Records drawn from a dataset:
+-------+

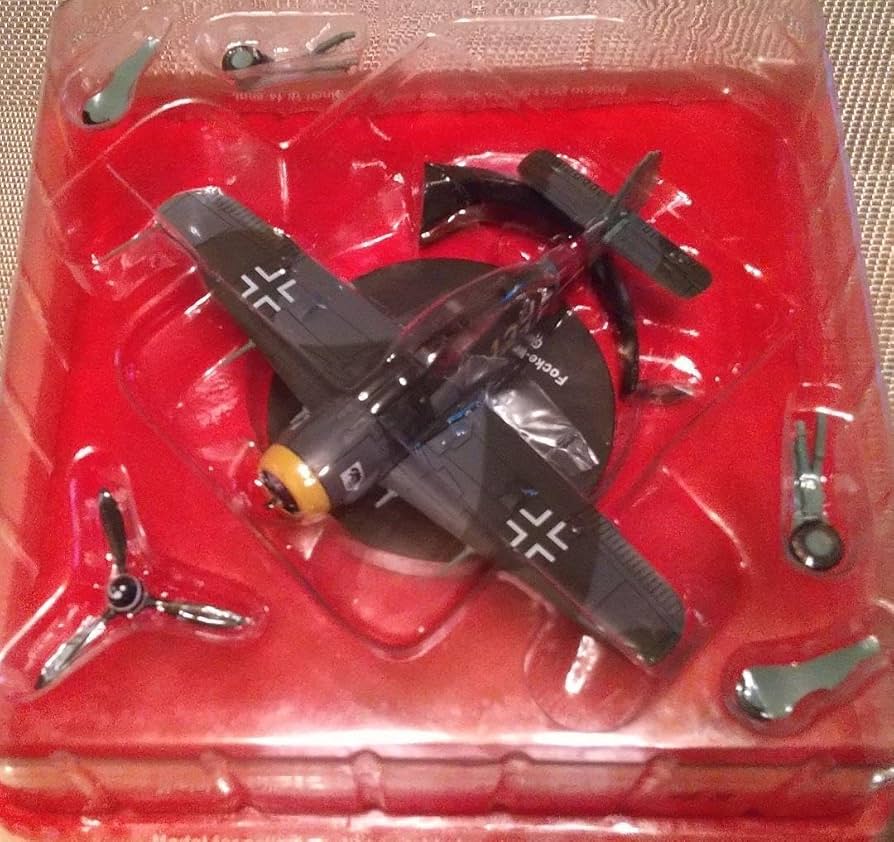 プラモデル完成機　1/48　フォッケウルフ(2) プラモデル完成機 1/48 フォッケウルフ(2) フォッケウルフ Fw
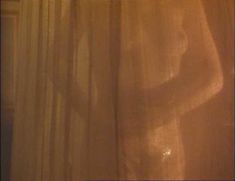 Голая Наоми Уоттс в фильме «Аморальное поведение»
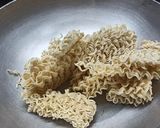 मॅगी भेळ (Maggi bhel recipe in marathi) रेसिपी स्टेप 2 फोटो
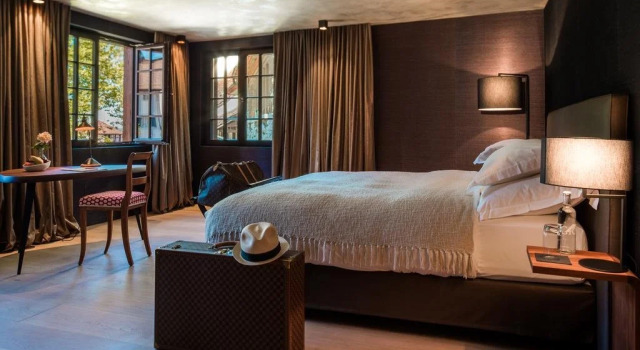 Hotel Krone Regensberg, Забронировать Отель Регенсберг 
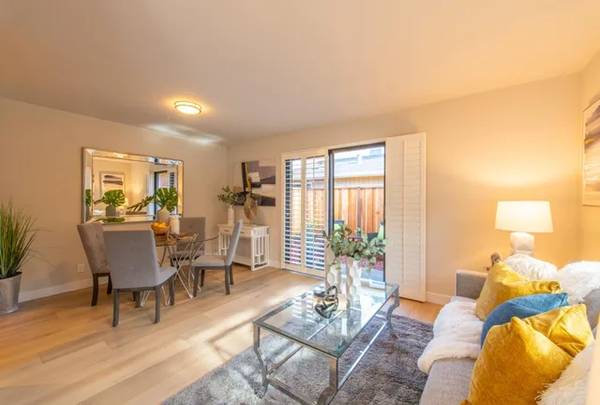 Townhouses on Vista Avenue · Palo Alto photo 2
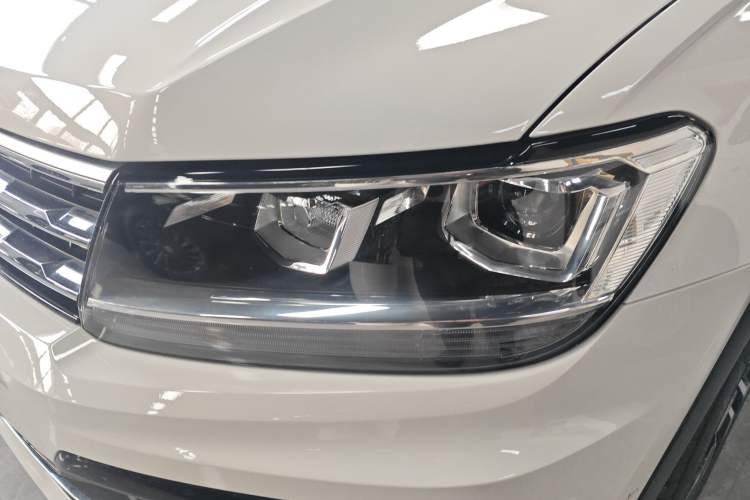 Used Volkswagen Tiguan L 2021 330TSI Automatic Two-Wheel Drive R-Line Enhanced Edition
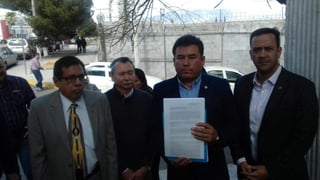 El alcalde de General Cepeda, Juan Gilberto Salas Aguirre, acudió a la Procuraduría General de la República (PGR), a denunciar a autoridades de la pasada administración municipal. (EL SIGLO DE TORREÓN)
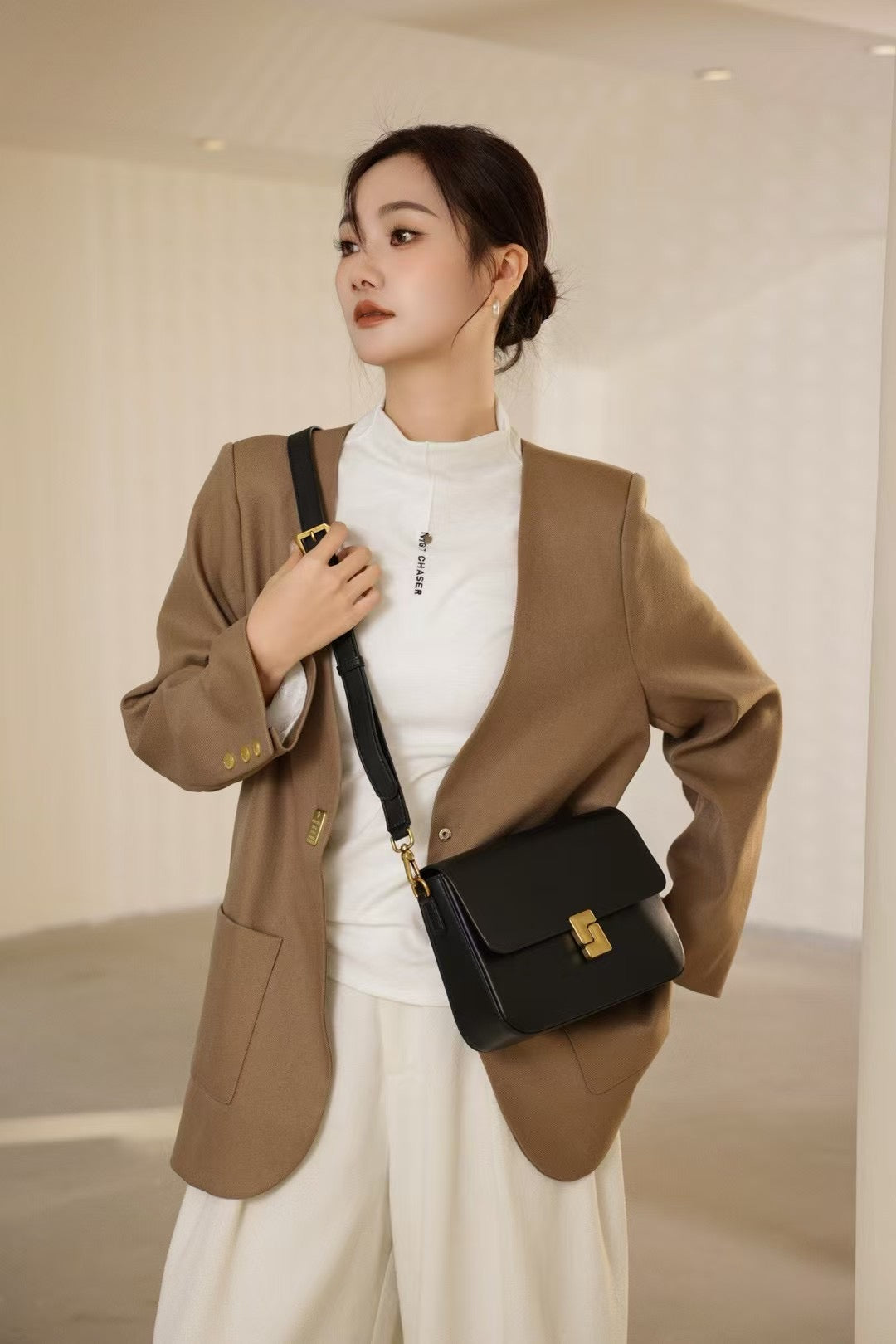 Elle Flap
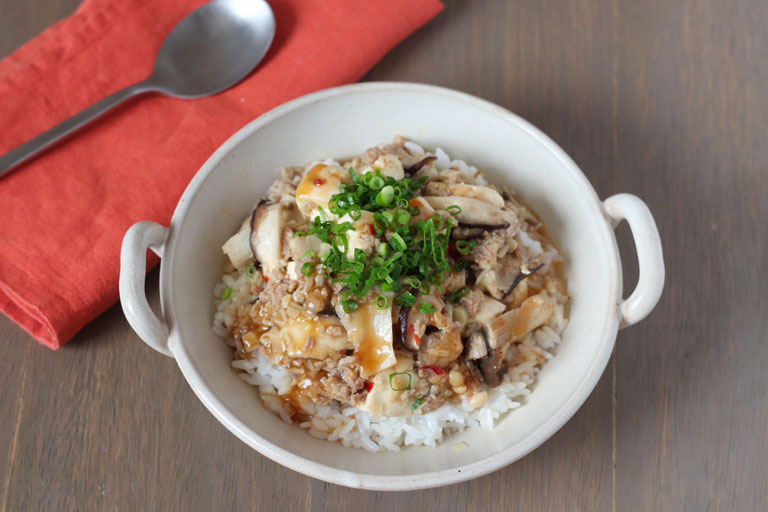 金芽米パックごはんで作る『1/3日分の食物繊維！きのこたっぷり麻婆豆腐丼』作り方4画像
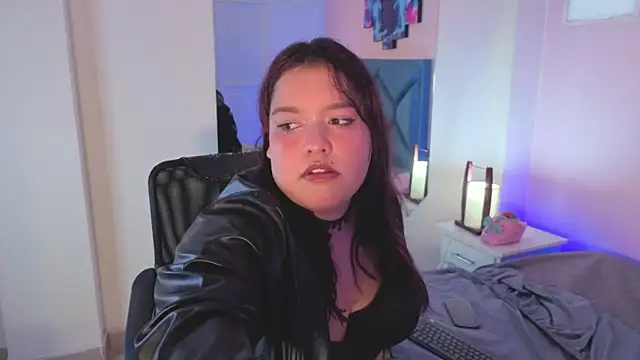 AleSweet online show from February 2026 12:53:02 PM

+-------+

▶ Work instructions: The result should be every line of the data, reproduced exactly, with the images removed.

▶ Your solution:
 プラモデル完成機　1/48　フォッケウルフ(2) プラモデル完成機 1/48 フォッケウルフ(2) フォッケウルフ Fw
 Голая Наоми Уоттс в фильме «Аморальное поведение»
 मॅगी भेळ (Maggi bhel recipe in marathi) रेसिपी स्टेप 2 फोटो
 Hotel Krone Regensberg, Забронировать Отель Регенсберг 
 Townhouses on Vista Avenue · Palo Alto photo 2
 Used Volkswagen Tiguan L 2021 330TSI Automatic Two-Wheel Drive R-Line Enhanced Edition
 El alcalde de General Cepeda, Juan Gilberto Salas Aguirre, acudió a la Procuraduría General de la República (PGR), a denunciar a autoridades de la pasada administración municipal. (EL SIGLO DE TORREÓN)
 Elle Flap
 金芽米パックごはんで作る『1/3日分の食物繊維！きのこたっぷり麻婆豆腐丼』作り方4画像
 AleSweet online show from February 2026 12:53:02 PM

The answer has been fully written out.